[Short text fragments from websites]
*-*-*
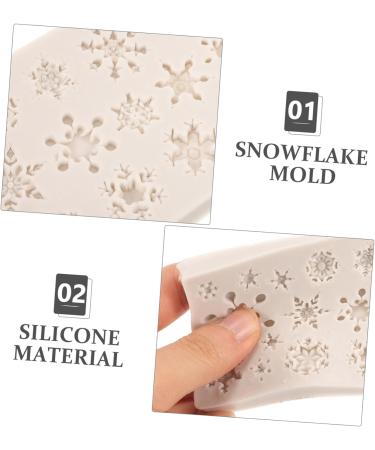 Ciieeo Snowflake Silicone Mold Gummy Molds Soap Molds Silicone Molds Silicone Cake Molds Silicone Baking Molds for Kitchen DIY Baking Jelly Mold Fondant Cake Silica Gel Candy - Buy Online on GoSupps.com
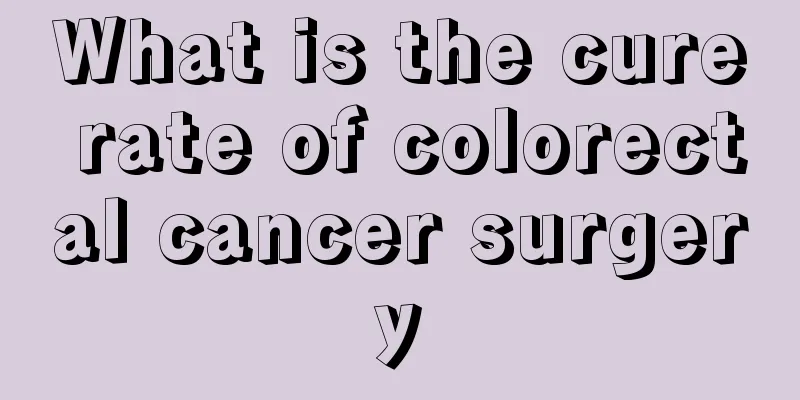 What is the cure rate of colorectal cancer surgery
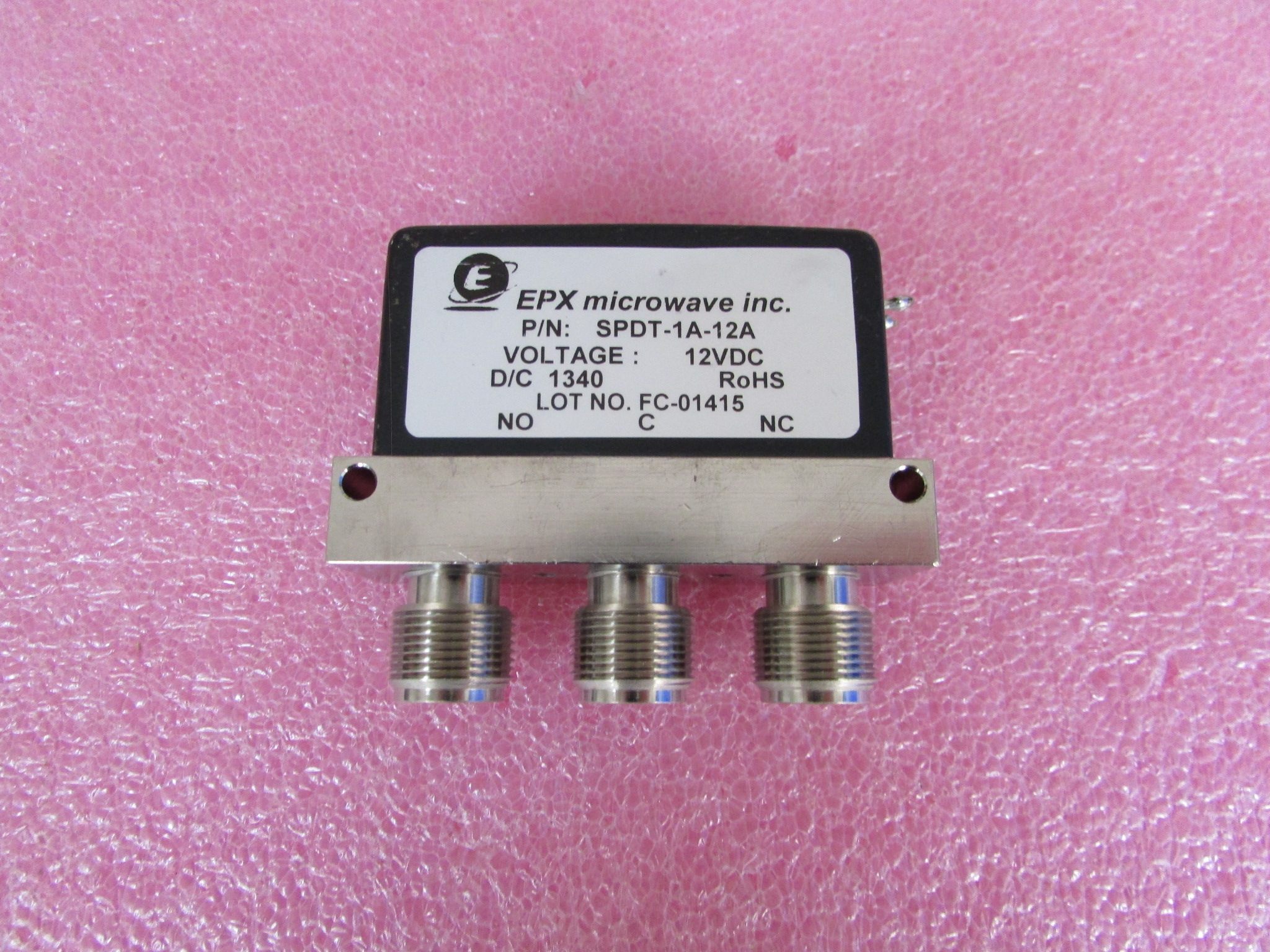 EPX进口SPDT-1A-12A SPDT 12.4GHz 12V N母射频微波同轴开关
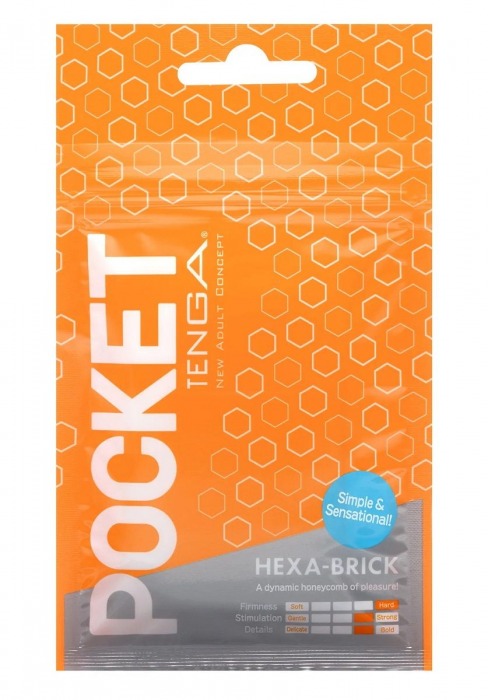 Карманный мастурбатор HEXA-BRICK - Tenga - в Брянске купить с доставкой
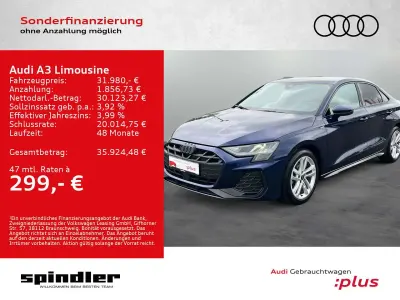 Gebraucht Audi A3 S-Line 150 PS (110 kW) 2025 Navarrablau metallic Limousine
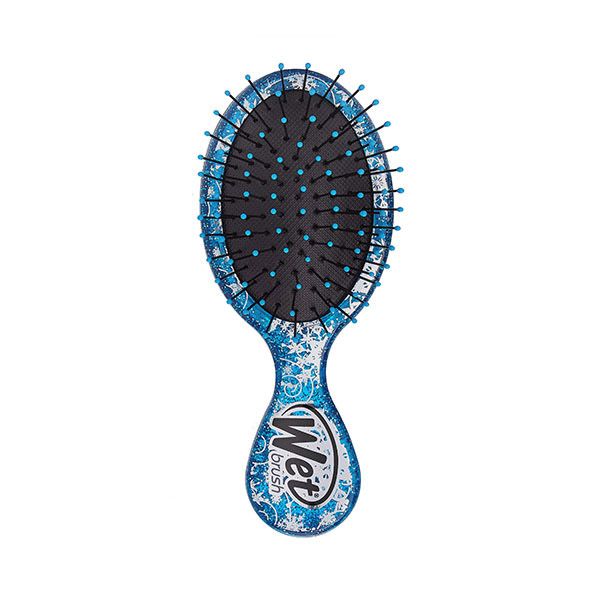 Perie pentru par Wet Brush Mini Detangle Snowflake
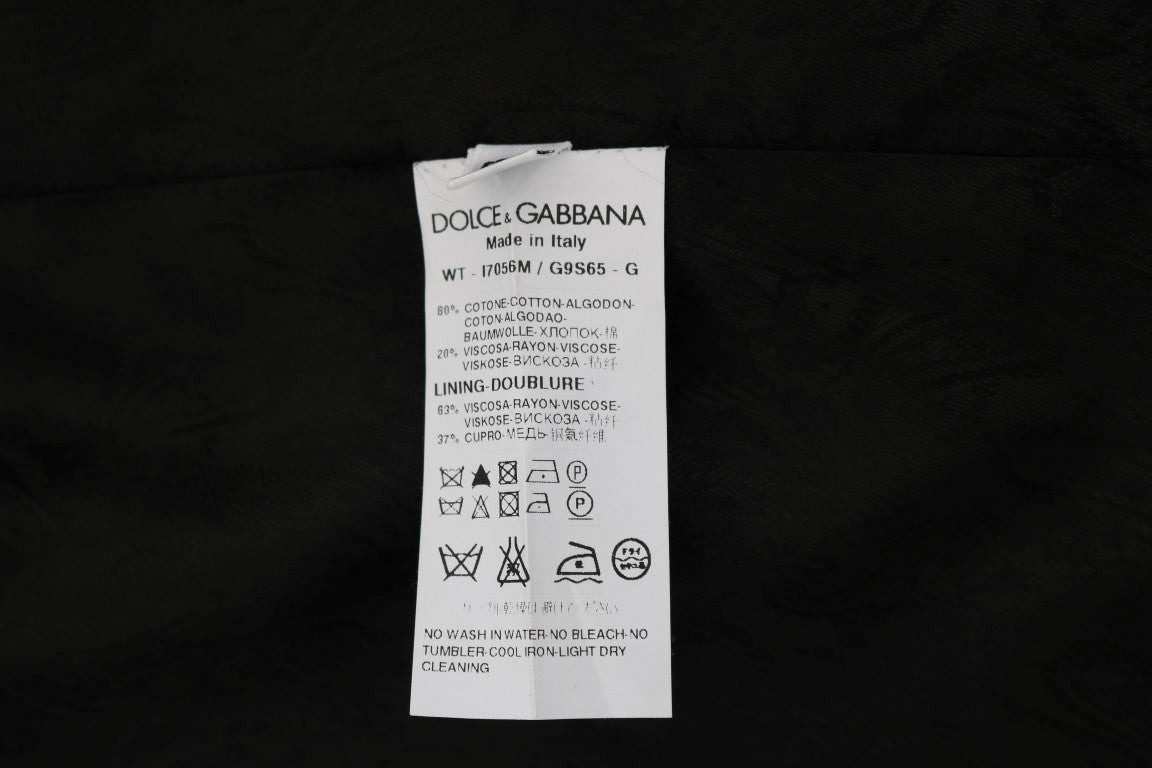 Black STAFF Cotton Vest Dolce & Gabbana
*-*-*
[Work to complete]:
Leave the pictures out and output the rest of the data word for word.

[The completed task]:
 Ciieeo Snowflake Silicone Mold Gummy Molds Soap Molds Silicone Molds Silicone Cake Molds Silicone Baking Molds for Kitchen DIY Baking Jelly Mold Fondant Cake Silica Gel Candy - Buy Online on GoSupps.com
 What is the cure rate of colorectal cancer surgery
 EPX进口SPDT-1A-12A SPDT 12.4GHz 12V N母射频微波同轴开关
 Карманный мастурбатор HEXA-BRICK - Tenga - в Брянске купить с доставкой
 Gebraucht Audi A3 S-Line 150 PS (110 kW) 2025 Navarrablau metallic Limousine
 Perie pentru par Wet Brush Mini Detangle Snowflake
 Black STAFF Cotton Vest Dolce & Gabbana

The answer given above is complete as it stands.